**Your assignment**
If a line in the entries below holds the string "Clip", copy it.

-------

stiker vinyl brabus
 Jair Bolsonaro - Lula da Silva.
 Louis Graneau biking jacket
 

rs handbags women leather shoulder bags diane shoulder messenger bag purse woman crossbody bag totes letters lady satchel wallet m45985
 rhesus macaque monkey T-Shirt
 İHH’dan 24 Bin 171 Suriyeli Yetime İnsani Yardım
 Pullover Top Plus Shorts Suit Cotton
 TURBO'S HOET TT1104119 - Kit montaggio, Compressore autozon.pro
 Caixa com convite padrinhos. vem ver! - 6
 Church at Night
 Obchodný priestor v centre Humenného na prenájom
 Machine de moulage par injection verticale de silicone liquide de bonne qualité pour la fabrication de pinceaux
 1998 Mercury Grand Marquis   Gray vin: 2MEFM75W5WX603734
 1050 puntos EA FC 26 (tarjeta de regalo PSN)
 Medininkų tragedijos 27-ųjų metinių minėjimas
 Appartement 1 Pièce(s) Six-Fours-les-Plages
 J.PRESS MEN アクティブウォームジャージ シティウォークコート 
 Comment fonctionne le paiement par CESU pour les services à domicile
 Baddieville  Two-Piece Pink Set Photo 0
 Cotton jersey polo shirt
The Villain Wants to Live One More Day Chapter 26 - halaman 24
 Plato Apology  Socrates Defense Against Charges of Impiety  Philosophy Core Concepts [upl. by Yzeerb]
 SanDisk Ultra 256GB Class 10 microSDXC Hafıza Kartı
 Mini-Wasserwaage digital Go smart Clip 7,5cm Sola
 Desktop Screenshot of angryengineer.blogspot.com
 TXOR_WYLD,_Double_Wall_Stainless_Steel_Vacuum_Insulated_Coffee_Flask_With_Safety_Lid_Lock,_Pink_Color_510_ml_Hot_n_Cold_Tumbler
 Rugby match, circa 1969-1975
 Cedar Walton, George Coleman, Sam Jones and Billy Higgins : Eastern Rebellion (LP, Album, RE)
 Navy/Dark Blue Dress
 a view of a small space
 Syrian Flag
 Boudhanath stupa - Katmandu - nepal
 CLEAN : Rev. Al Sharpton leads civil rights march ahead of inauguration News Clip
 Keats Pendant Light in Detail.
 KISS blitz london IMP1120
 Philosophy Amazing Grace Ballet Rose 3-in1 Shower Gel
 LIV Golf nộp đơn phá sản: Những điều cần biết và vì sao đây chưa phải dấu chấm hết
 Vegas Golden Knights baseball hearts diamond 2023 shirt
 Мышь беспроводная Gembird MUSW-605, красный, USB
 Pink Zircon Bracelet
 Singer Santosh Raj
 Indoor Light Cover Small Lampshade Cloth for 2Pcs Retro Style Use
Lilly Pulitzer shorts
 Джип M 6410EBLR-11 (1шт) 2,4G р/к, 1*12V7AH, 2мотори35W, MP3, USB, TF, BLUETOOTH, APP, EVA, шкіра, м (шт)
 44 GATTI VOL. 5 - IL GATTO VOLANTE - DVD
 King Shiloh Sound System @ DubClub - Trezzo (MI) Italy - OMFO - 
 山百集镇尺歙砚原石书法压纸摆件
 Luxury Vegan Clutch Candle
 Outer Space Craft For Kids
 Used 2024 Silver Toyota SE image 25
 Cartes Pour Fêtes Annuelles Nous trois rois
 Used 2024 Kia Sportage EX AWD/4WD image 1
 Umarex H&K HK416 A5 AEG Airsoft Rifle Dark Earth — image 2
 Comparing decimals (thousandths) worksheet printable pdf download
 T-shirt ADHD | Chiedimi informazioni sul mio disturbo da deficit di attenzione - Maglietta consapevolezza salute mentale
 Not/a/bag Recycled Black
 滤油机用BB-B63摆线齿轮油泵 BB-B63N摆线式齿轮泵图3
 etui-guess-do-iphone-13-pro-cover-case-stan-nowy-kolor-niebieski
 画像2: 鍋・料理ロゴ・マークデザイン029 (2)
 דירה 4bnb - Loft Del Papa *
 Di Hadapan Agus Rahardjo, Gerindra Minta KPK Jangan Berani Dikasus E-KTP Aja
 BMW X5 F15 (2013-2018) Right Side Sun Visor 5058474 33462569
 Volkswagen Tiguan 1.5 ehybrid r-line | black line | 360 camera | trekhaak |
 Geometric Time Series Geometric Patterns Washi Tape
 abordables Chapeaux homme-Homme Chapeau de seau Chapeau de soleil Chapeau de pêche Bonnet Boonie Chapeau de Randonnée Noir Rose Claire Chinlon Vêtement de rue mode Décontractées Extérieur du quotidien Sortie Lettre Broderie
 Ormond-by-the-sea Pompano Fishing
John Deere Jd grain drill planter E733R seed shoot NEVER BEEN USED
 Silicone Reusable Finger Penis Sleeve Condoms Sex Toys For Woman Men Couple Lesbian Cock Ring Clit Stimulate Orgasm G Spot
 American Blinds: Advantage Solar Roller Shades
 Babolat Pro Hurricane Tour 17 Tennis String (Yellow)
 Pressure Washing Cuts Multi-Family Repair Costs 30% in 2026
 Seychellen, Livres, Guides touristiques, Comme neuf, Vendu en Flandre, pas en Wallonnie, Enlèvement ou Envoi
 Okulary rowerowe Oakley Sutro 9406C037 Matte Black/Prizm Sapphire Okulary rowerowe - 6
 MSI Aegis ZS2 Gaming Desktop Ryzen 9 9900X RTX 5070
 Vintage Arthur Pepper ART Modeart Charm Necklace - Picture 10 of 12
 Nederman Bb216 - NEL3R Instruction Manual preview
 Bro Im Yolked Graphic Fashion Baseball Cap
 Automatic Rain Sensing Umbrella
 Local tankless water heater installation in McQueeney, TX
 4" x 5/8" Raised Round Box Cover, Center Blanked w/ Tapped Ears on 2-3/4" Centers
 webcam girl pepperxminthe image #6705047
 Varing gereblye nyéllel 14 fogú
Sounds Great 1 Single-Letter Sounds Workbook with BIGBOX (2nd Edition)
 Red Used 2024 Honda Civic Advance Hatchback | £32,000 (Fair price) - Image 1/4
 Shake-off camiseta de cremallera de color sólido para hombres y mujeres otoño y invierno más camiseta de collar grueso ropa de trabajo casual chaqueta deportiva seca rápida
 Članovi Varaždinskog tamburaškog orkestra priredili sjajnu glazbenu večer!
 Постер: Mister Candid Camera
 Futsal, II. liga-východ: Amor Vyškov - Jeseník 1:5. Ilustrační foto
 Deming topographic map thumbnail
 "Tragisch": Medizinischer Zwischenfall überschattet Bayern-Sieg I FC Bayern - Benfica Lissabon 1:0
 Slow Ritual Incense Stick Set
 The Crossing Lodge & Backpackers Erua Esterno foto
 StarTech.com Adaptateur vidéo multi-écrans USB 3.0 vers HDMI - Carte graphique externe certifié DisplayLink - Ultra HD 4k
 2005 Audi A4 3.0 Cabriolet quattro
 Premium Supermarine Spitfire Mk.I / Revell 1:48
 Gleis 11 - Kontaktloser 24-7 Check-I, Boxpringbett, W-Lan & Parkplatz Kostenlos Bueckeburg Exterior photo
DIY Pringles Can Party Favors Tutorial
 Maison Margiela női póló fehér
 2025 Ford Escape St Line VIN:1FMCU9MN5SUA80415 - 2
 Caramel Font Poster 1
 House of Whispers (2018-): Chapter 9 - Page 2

-------

**Response to the task**
 Mini-Wasserwaage digital Go smart Clip 7,5cm Sola
 CLEAN : Rev. Al Sharpton leads civil rights march ahead of inauguration News Clip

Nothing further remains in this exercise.